When I found out about the crashes, it was at the very end of third period. English class was just finishing. Mrs. Wagner was called out of the room by another teacher. I think I was arguing with Adam about something.

She came back in and announced that two planes had been flown into the Twin Towers and a bomb had gone off at the Pentagon. No one really said anything for a few moments. I remember weakly saying "Okay, what's the punchline?" The bell rang and everyone dispersed. My next class was math and no one was paying attention to numbers. Finally Mr. Armstrong let us turn on the TV. I saw the second tower collapse.

I cried during gym because I was afraid for my friends down in Suffern. I was scared that they might have had family working there, or visiting, or god forbid, been on a field trip or something...
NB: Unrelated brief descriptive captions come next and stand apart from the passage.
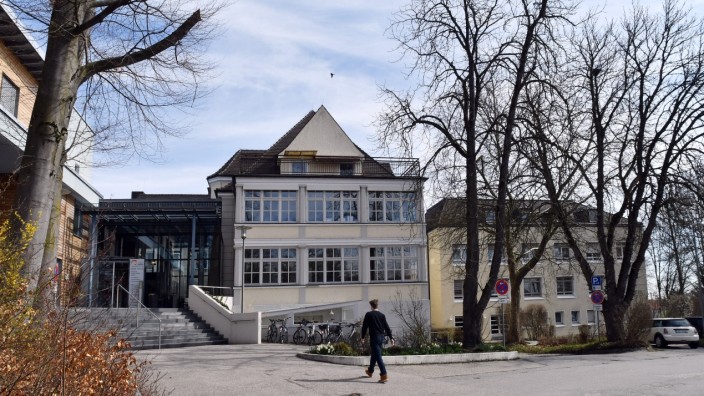 Klinikum Landkreis Erding: Mit bislang gerade mal 42 Betten ist die Klinik Dorfen eines der kleinsten Krankenhäuser Bayerns.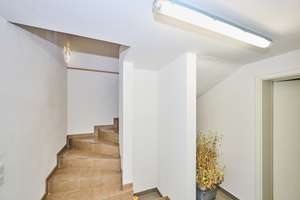 Moderne Doppelhaushälfte mit zwei Terrassen und Garten in ruhiger Wohnlage. – Die vollständige Adresse der Immobilie erhältst du vom Anbieter., 94315 Alburg, Straubing – Vorschaubild 16
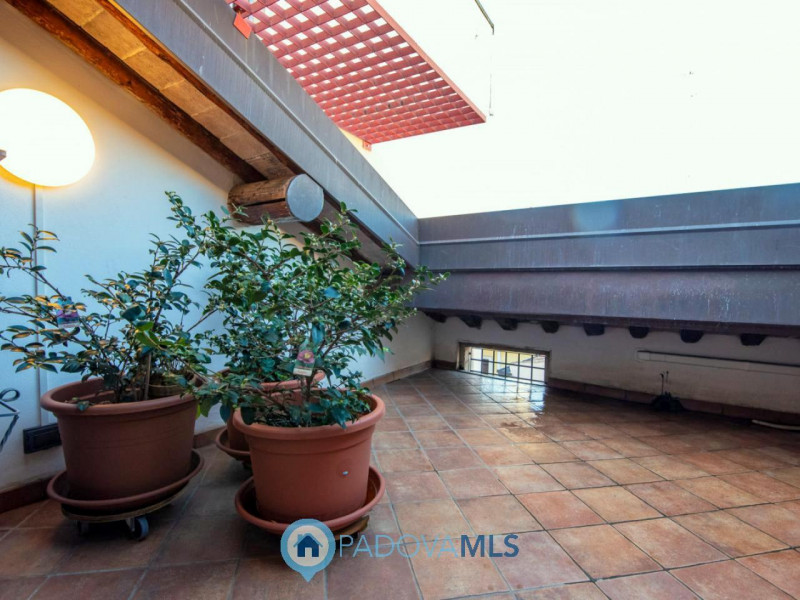 Immobile in esclusiva al Gruppo Padova MLS

Elegante palazzetto terra-cielo completamente ristrut...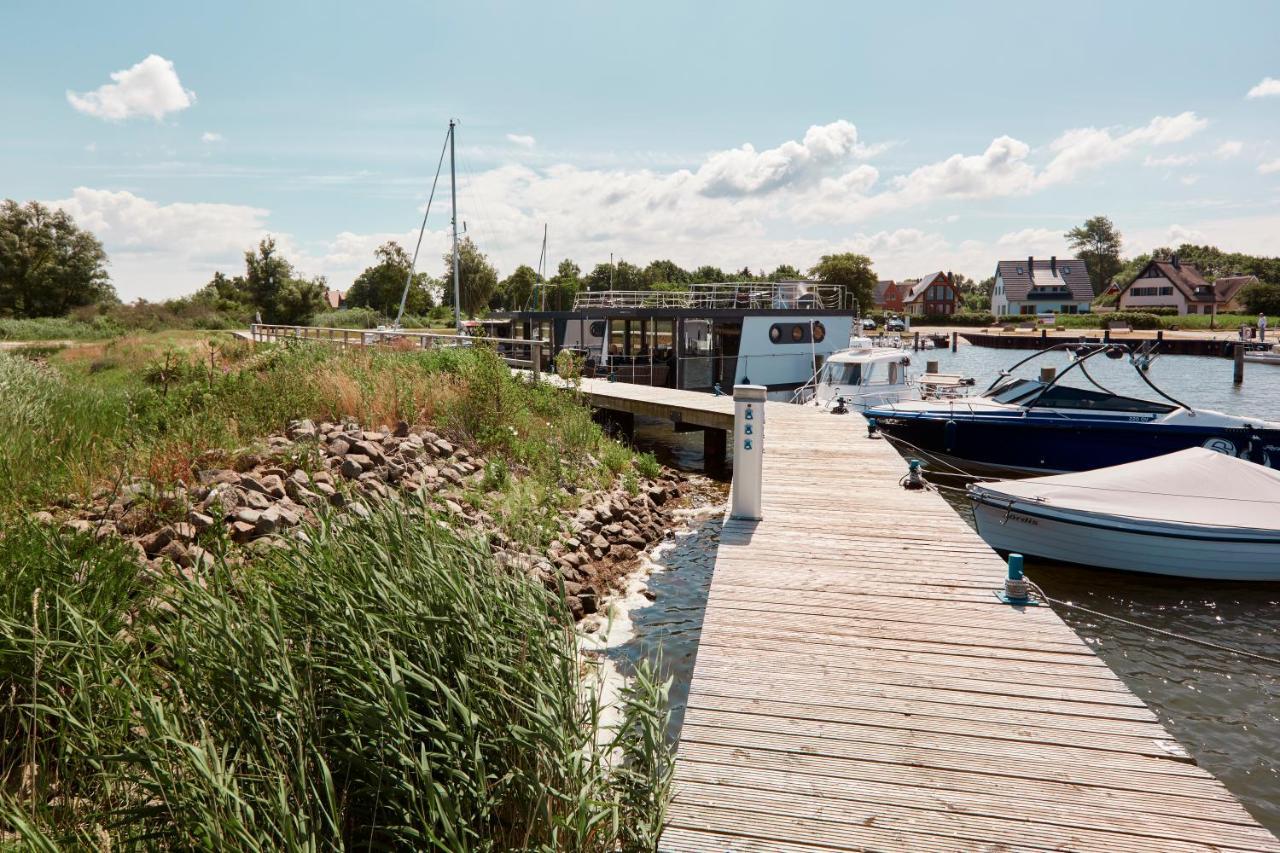 Hausboote Und Fewo Vieregge Exteriör bild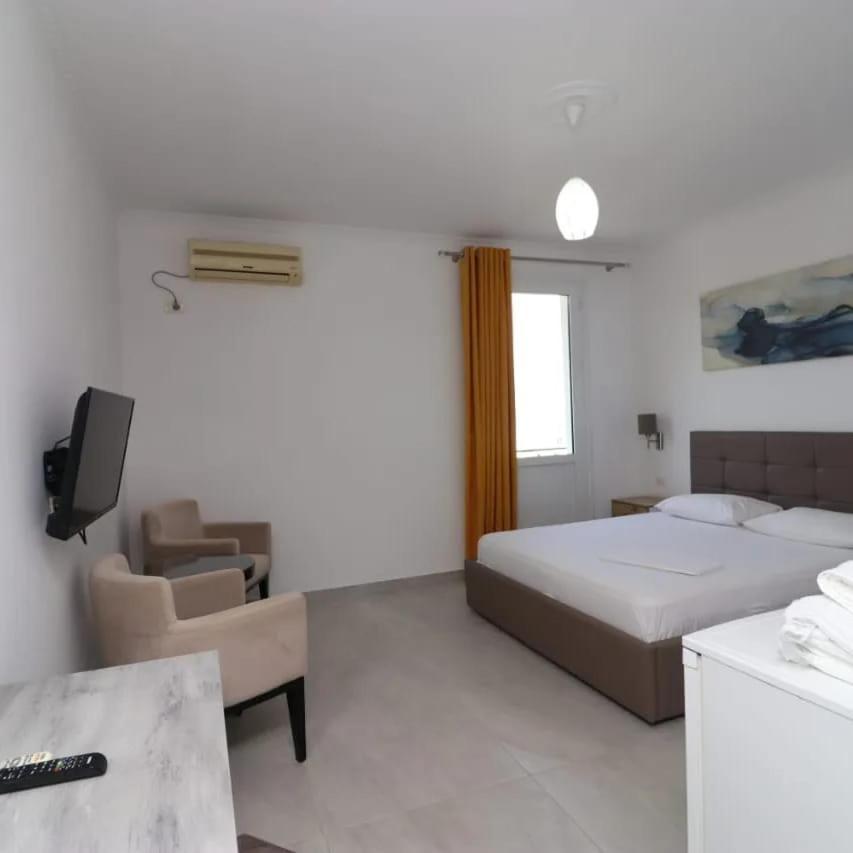 Hotel Kristal Vlorë Extérieur photo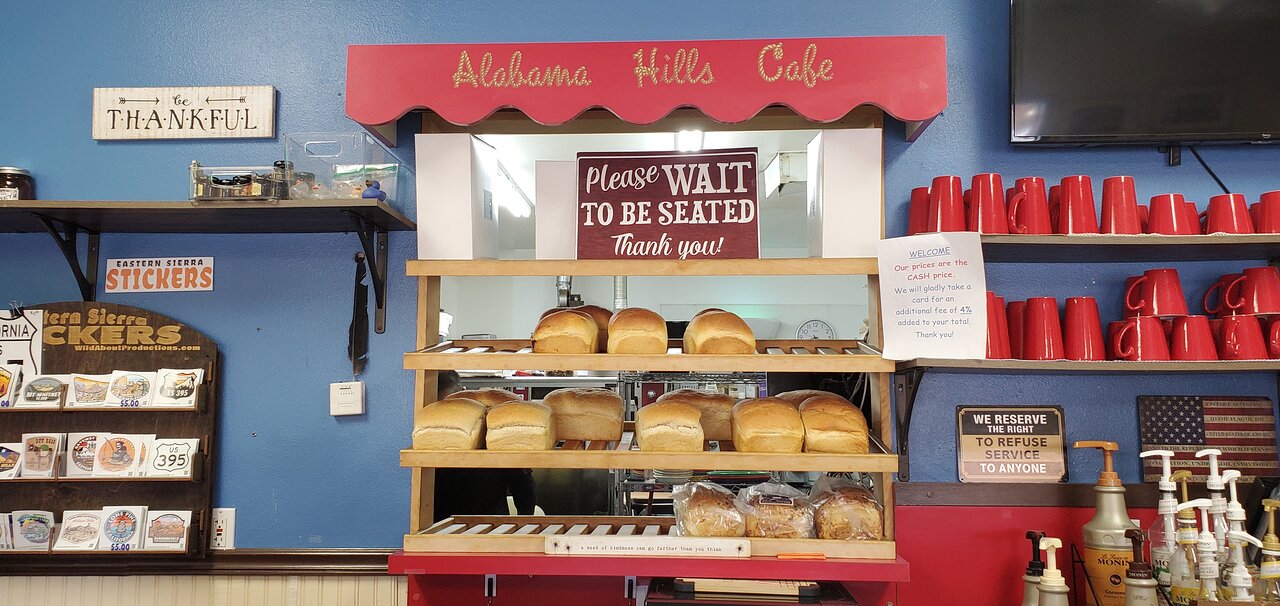 Alabama Hills Cafe and Bakery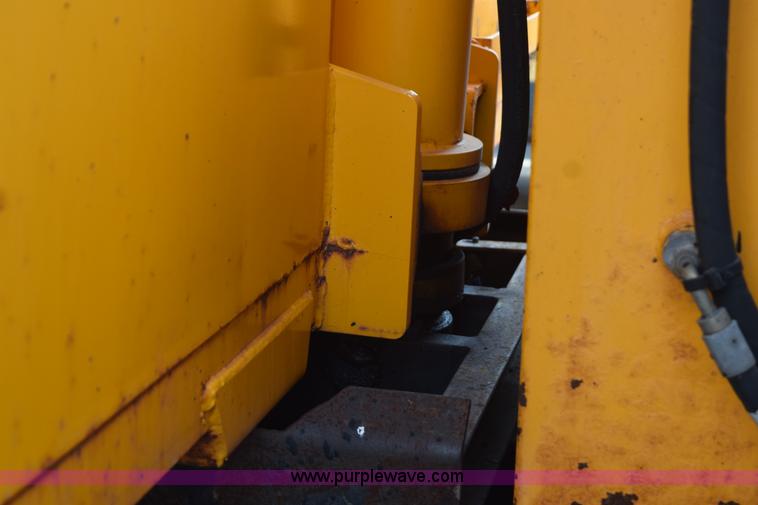 image for item K6208 2002 International 4900 dump truck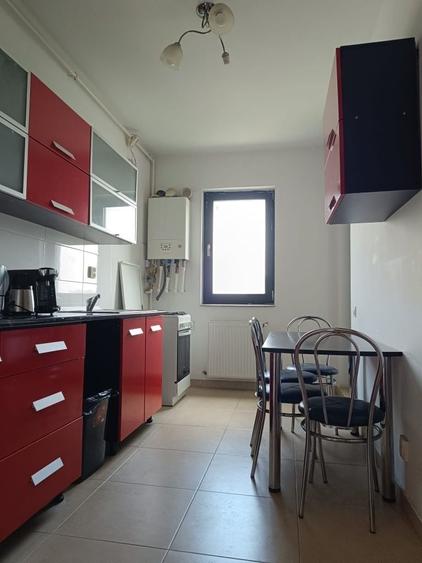 Apartament cu 2 camere decomandat în Păcii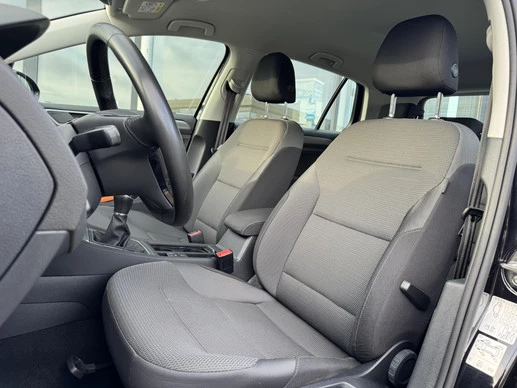 Volkswagen Golf - Afbeelding 17 van 30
My parents had left that morning to go to a Continuing Education class in Springfield. By the time I got home, so had they. I wasn't allowed to talk about it or watch the news around my sisters. I went into my room and pretty much glued myself to the news stations out of some mixture of absolute horror and morbid curiosity. Julia and Rachael came in and watched for a few minutes. They didn't listen when I told them to leave, because they said they'd heard about it at school.

I went online and talked to some people who were on. I remember that we were all so scared. This wasn't like anything we'd ever experienced before, even if most of us lived nowhere near the crash areas. The United States was being attacked- that wasn't an idea that fit very well into our heads. That wasn't supposed to happen. We were the good country, right? We helped out the little countries, we were friends with other good countries. We just didn't know what the hell was happening.

One of the girls had gone to school a few blocks from the towers. She said they'd been under lockdown.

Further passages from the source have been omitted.